PROVIDED INFORMATION START

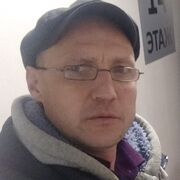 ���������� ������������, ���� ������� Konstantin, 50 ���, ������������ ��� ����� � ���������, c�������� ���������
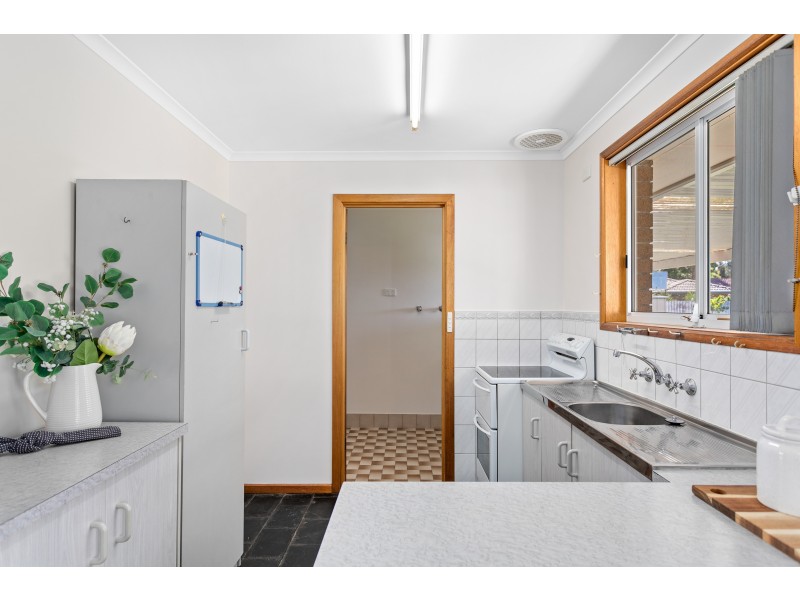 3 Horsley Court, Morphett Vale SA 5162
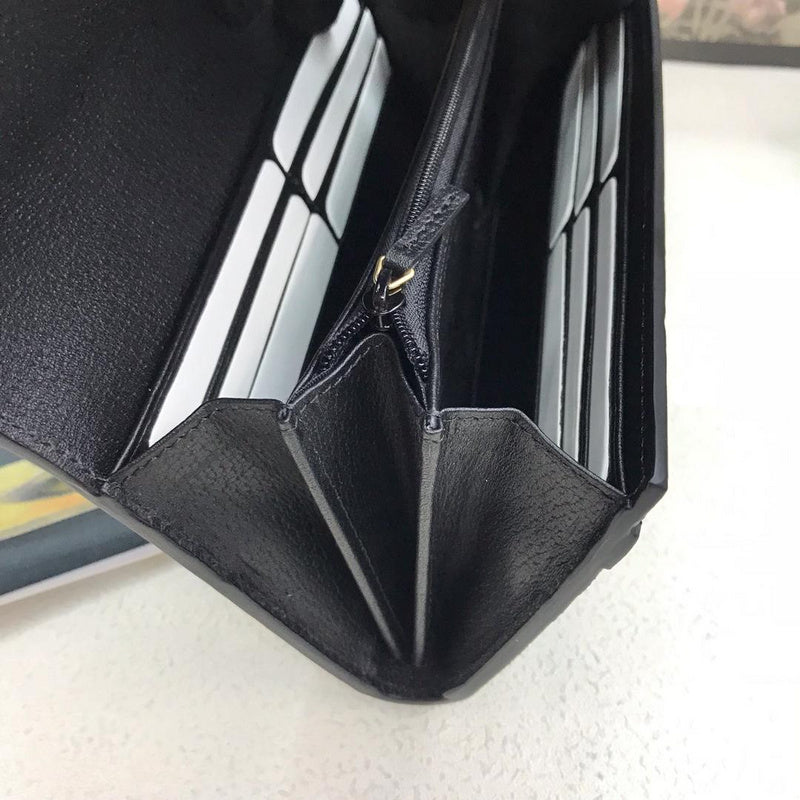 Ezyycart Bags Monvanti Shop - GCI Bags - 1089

PROVIDED INFORMATION END
PROVIDED INFORMATION START

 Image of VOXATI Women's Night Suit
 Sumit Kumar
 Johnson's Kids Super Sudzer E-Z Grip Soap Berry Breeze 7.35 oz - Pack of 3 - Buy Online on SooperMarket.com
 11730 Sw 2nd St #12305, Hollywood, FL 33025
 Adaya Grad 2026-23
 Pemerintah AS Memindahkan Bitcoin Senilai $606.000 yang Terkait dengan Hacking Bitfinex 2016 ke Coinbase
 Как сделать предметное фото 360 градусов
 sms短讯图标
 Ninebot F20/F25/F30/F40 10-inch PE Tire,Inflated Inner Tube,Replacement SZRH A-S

PROVIDED INFORMATION END
PROVIDED INFORMATION START

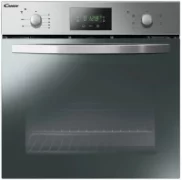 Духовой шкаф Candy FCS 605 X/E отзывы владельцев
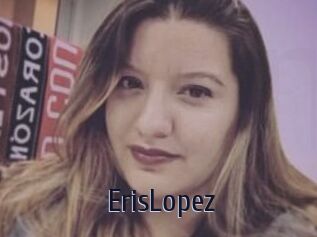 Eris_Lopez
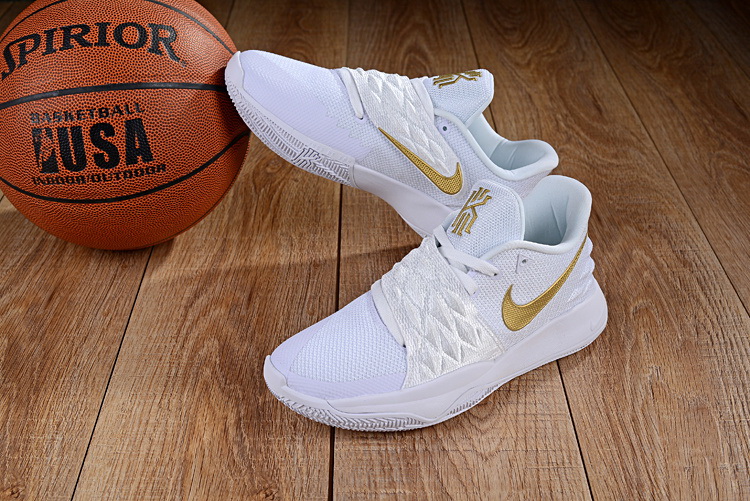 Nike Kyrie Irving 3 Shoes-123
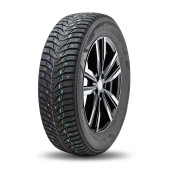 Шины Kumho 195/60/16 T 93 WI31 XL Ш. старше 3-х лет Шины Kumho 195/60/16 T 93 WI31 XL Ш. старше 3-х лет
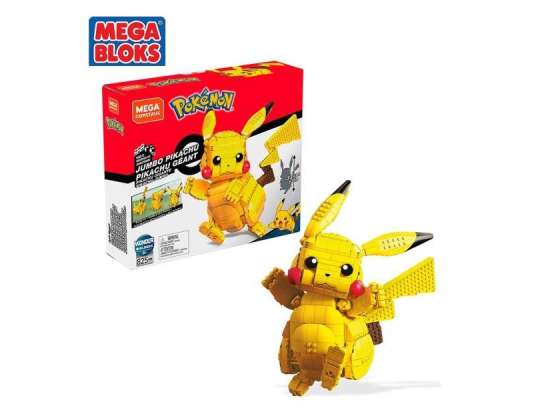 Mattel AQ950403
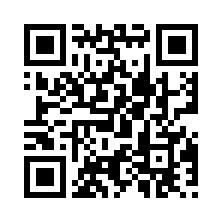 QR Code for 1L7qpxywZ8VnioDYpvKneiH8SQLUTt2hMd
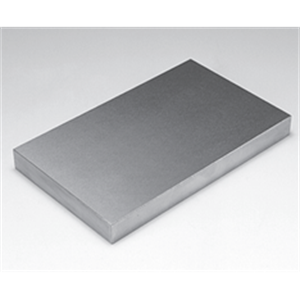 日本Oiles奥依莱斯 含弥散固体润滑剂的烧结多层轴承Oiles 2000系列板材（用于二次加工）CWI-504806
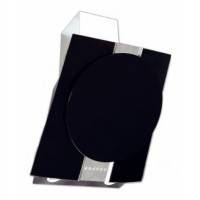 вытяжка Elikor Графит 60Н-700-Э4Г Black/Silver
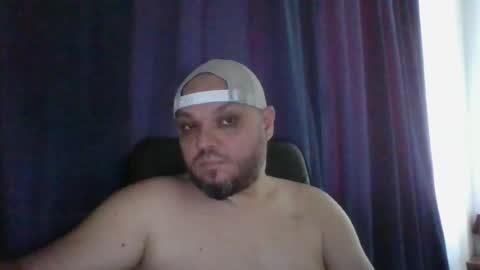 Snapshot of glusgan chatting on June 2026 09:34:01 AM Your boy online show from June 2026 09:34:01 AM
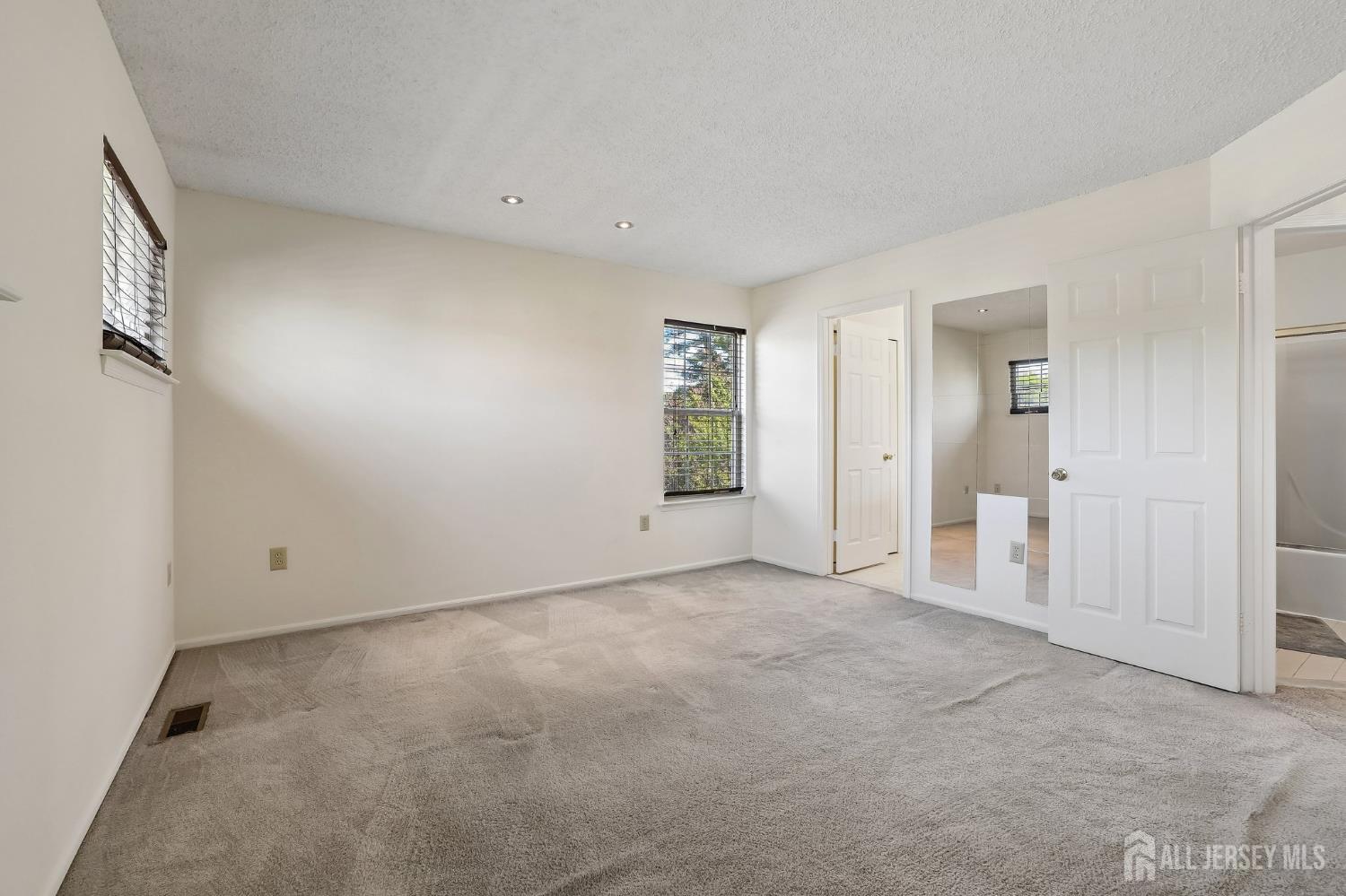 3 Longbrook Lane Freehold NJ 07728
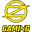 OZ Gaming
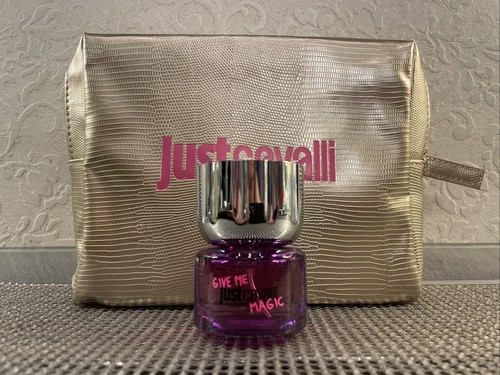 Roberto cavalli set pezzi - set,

PROVIDED INFORMATION END

- _TASK REQUIREMENTS_
Return, with no change at all, every line in the entries above from the line containing "Johnson's Kids Super" through the line containing "Ninebot F20/F25/F30/F40 10-inch".

- _EXERCISE SOLUTION_
 Johnson's Kids Super Sudzer E-Z Grip Soap Berry Breeze 7.35 oz - Pack of 3 - Buy Online on SooperMarket.com
 11730 Sw 2nd St #12305, Hollywood, FL 33025
 Adaya Grad 2026-23
 Pemerintah AS Memindahkan Bitcoin Senilai $606.000 yang Terkait dengan Hacking Bitfinex 2016 ke Coinbase
 Как сделать предметное фото 360 градусов
 sms短讯图标
 Ninebot F20/F25/F30/F40 10-inch PE Tire,Inflated Inner Tube,Replacement SZRH A-S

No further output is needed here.